Challenge 2: Change the mitochondrial spot filtering thresholds.
- Make a copy of the seurat object.
- Change the threshold for the percent mitochondrial expression per spot to keep spots with less than 25% mitochondrial expression. This might happen if you decide that too much mitochondrial expression indicates some technical error.
- Add new variable called “keep_counts” to the Seurat object.
- Plot the spot overlaid on the tissue section, colored by whether you are keeping them.
Is there a pattern to the removed spots that seems to correlate with the tissue structure?
R
obj <- filter_st
new_mito_thr <- 20
keep_counts <- FetchData(obj, "percent.mt")[,1] < new_mito_thr
obj$keep_counts <- keep_counts
SpatialDimPlot(obj, group.by = "keep_counts")

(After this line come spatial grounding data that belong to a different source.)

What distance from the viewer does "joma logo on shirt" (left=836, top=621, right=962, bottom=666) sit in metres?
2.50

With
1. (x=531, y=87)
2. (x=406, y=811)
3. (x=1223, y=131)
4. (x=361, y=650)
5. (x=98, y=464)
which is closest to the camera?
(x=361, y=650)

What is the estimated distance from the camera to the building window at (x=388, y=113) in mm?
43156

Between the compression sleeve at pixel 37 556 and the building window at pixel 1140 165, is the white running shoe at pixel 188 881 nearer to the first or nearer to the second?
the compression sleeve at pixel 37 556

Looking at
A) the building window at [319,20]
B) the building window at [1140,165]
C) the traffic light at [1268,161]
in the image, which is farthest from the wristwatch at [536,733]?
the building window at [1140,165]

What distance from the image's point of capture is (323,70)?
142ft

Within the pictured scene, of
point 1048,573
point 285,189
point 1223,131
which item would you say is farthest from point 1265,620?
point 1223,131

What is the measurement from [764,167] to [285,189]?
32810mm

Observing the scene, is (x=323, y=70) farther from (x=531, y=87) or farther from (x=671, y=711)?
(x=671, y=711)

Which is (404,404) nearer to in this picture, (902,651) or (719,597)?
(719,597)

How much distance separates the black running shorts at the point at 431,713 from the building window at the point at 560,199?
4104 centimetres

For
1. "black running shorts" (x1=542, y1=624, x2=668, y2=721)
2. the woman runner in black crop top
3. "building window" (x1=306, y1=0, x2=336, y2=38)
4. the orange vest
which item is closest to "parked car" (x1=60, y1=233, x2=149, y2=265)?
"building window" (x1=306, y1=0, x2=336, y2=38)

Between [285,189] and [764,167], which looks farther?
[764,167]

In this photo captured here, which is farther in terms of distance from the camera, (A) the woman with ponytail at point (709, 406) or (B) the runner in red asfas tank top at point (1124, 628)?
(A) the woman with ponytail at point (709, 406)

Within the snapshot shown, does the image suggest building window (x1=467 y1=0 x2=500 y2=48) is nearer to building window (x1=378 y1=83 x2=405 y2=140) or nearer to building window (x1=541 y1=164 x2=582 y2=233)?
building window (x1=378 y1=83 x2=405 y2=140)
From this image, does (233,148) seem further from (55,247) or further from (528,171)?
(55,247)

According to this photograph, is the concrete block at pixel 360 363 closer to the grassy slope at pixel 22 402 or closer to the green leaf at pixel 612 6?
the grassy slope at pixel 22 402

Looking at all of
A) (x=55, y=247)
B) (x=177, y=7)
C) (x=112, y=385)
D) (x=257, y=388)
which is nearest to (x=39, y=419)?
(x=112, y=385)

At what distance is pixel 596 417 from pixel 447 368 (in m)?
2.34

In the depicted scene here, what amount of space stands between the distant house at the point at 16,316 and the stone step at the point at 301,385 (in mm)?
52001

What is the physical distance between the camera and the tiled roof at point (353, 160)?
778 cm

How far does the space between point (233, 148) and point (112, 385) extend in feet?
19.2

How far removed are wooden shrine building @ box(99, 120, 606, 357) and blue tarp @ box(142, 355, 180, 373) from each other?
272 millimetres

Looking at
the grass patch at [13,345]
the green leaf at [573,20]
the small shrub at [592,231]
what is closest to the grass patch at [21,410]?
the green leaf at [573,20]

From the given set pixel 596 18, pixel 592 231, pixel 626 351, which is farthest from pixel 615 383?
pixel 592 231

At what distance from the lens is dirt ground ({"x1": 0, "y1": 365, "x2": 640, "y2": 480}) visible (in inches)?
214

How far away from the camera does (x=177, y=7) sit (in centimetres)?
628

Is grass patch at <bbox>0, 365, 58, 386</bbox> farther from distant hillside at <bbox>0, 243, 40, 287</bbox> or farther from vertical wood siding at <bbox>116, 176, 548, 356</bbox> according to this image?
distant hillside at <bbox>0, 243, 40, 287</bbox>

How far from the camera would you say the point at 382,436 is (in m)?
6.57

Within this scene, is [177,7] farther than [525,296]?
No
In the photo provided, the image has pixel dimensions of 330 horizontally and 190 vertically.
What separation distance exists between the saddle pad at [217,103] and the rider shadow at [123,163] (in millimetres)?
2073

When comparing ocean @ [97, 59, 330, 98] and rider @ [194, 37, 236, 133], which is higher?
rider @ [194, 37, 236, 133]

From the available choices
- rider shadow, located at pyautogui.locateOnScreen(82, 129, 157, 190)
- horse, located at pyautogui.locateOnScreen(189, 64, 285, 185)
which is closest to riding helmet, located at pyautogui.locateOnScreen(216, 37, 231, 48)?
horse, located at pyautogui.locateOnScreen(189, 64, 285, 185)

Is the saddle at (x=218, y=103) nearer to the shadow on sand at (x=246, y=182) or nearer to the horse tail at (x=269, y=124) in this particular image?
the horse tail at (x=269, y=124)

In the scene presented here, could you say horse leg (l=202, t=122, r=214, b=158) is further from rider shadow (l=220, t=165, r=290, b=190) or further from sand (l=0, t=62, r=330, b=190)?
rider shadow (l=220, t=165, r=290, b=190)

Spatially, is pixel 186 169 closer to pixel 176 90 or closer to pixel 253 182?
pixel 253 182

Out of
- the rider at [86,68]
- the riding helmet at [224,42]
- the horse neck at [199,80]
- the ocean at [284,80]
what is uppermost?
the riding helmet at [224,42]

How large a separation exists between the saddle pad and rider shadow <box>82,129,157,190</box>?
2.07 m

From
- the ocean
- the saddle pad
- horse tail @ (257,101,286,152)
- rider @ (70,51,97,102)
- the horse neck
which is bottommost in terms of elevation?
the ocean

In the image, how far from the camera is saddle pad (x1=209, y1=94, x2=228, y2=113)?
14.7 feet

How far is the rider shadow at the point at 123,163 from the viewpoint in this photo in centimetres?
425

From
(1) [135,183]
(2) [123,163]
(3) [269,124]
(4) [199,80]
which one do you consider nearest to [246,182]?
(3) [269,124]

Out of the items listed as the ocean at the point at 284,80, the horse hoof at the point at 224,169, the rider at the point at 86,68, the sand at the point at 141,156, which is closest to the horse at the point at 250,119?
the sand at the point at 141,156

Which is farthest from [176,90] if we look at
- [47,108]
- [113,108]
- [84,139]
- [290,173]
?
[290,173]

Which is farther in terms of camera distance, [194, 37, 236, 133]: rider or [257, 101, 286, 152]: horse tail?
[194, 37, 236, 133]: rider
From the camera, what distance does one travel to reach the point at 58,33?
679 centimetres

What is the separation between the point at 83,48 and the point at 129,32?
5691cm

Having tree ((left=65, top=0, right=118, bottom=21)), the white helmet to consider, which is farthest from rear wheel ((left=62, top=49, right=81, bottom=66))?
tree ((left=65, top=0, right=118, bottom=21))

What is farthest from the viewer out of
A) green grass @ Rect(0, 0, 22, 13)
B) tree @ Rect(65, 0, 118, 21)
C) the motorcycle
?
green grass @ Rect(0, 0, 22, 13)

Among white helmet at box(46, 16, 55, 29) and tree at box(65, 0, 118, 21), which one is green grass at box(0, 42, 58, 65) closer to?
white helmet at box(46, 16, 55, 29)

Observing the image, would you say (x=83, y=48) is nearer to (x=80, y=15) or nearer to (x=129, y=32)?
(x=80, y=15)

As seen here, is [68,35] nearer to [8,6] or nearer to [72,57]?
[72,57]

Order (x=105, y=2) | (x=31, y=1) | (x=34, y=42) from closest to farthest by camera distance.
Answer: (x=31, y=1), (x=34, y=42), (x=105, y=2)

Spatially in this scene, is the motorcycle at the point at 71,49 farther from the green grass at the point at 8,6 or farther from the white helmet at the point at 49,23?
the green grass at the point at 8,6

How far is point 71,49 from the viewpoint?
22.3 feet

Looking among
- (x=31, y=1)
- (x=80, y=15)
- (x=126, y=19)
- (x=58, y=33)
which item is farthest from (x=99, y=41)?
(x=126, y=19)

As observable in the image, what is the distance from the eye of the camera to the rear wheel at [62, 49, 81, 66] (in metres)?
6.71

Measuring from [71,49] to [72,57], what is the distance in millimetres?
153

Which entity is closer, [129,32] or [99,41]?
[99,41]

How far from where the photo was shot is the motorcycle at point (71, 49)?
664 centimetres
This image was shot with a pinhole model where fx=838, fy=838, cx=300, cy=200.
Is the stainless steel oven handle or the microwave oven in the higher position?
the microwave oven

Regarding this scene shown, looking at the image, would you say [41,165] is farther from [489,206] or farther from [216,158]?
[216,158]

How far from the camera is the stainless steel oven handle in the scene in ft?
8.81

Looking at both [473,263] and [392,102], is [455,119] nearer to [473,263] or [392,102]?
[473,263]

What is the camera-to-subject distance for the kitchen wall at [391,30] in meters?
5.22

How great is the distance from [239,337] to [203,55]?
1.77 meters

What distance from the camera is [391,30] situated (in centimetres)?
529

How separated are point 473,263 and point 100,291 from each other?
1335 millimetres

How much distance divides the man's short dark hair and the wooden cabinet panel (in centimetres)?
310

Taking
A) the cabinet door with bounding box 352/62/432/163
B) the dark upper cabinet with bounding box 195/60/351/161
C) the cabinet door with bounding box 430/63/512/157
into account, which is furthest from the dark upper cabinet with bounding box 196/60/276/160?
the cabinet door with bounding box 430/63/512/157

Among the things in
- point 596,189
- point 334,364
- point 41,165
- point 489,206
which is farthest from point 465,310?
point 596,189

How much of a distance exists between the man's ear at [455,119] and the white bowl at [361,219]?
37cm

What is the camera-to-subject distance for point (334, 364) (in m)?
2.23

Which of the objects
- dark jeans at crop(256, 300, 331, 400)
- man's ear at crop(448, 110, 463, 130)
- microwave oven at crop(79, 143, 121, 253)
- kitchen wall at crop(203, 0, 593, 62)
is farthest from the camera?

Note that the spots that we have flagged are largely outside of the lower left. Later in the lesson, we will find that this is the “white matter”, and this region has different expression from the rest of the tissue section. In fact, mitochondrial expression in general seems to be higher in the upper right area.
R
SpatialFeaturePlot(obj, features = "percent.mt") +
labs(title = "Percentage MitochondrialExpression")
R
rm(obj)
Key Points
- Spot filtering should be light.
- Inspect the spots that you are filtering to confirm that you are not discarding important tissue structures.